Return only the lines of the listing below that run from the line with "Diana Hotel —" through the line with "Joseph Joseph Pinch", both ends included, exactly as written.

Source information ::
*** Begin section ***
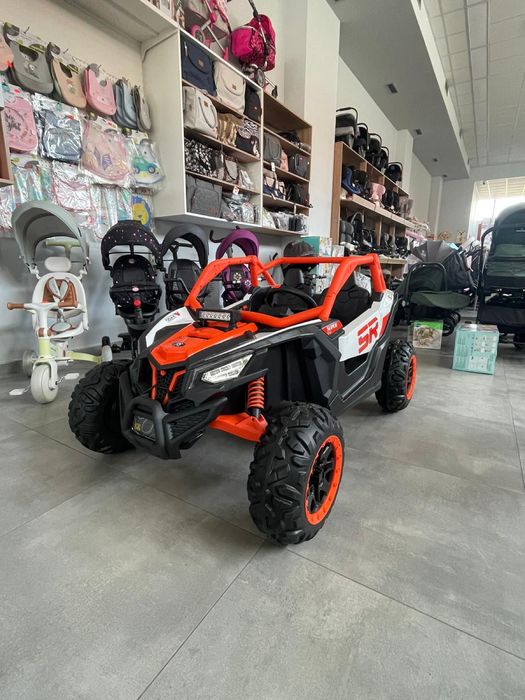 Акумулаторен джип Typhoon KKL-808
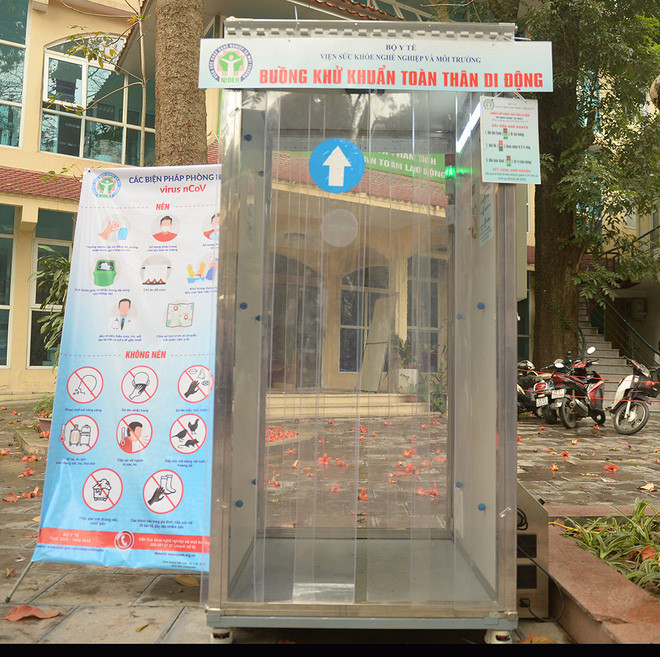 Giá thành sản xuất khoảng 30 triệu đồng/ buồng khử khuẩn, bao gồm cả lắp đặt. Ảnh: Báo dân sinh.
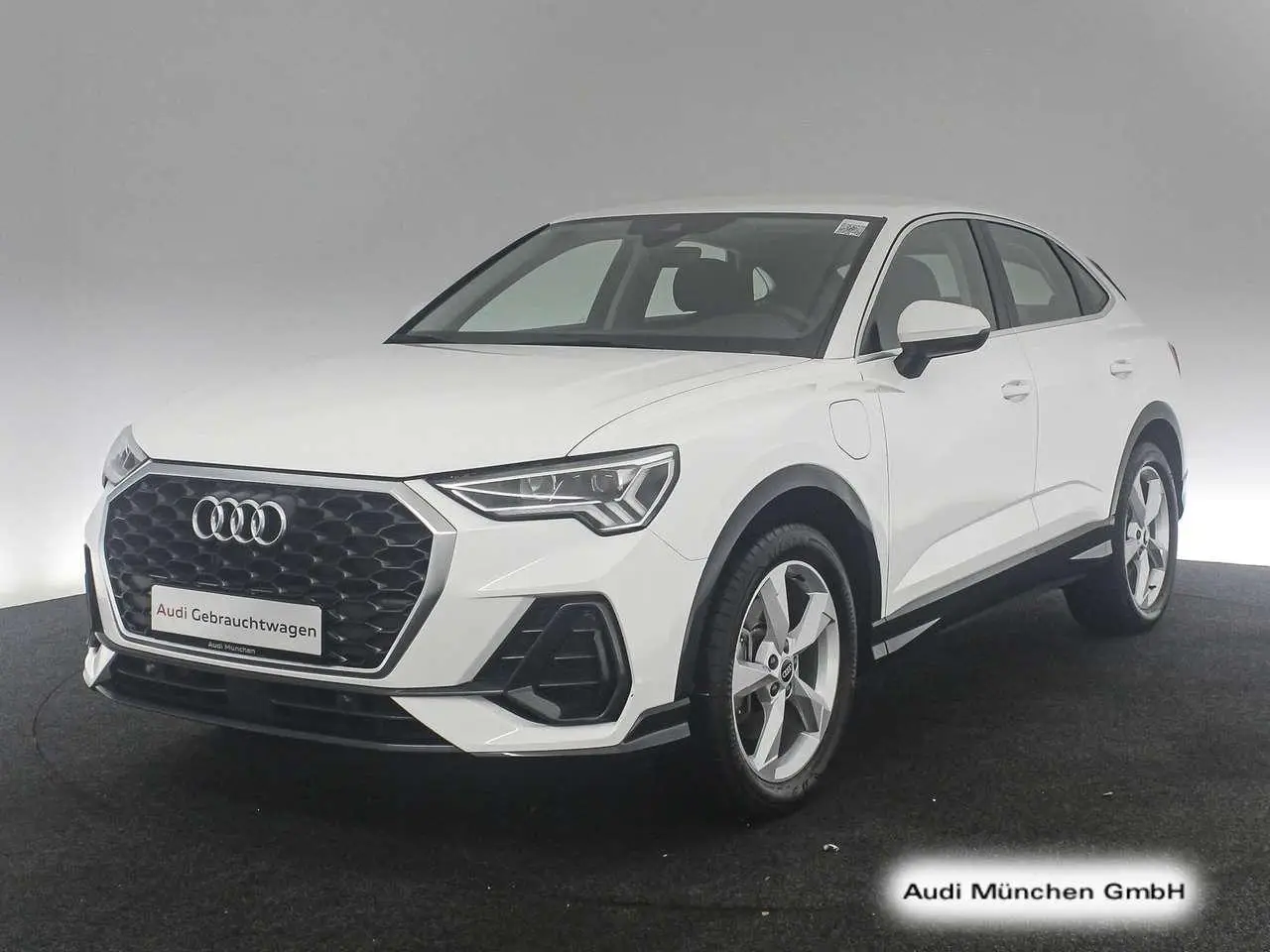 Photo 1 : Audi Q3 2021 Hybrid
*** End section ***
*** Begin section ***
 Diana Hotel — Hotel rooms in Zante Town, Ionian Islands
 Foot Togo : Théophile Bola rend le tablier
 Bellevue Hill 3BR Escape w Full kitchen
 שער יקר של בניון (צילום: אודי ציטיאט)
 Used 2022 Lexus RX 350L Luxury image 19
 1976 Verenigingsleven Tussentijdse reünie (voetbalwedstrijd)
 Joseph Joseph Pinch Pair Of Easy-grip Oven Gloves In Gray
*** End section ***
*** Begin section ***
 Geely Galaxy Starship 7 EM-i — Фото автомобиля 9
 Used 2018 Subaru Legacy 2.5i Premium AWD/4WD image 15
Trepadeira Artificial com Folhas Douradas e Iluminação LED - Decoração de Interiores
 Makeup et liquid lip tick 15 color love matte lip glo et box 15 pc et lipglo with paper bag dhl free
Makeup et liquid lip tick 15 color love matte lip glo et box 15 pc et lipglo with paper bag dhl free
*** End section ***
Response ::
 Diana Hotel — Hotel rooms in Zante Town, Ionian Islands
 Foot Togo : Théophile Bola rend le tablier
 Bellevue Hill 3BR Escape w Full kitchen
 שער יקר של בניון (צילום: אודי ציטיאט)
 Used 2022 Lexus RX 350L Luxury image 19
 1976 Verenigingsleven Tussentijdse reünie (voetbalwedstrijd)
 Joseph Joseph Pinch Pair Of Easy-grip Oven Gloves In Gray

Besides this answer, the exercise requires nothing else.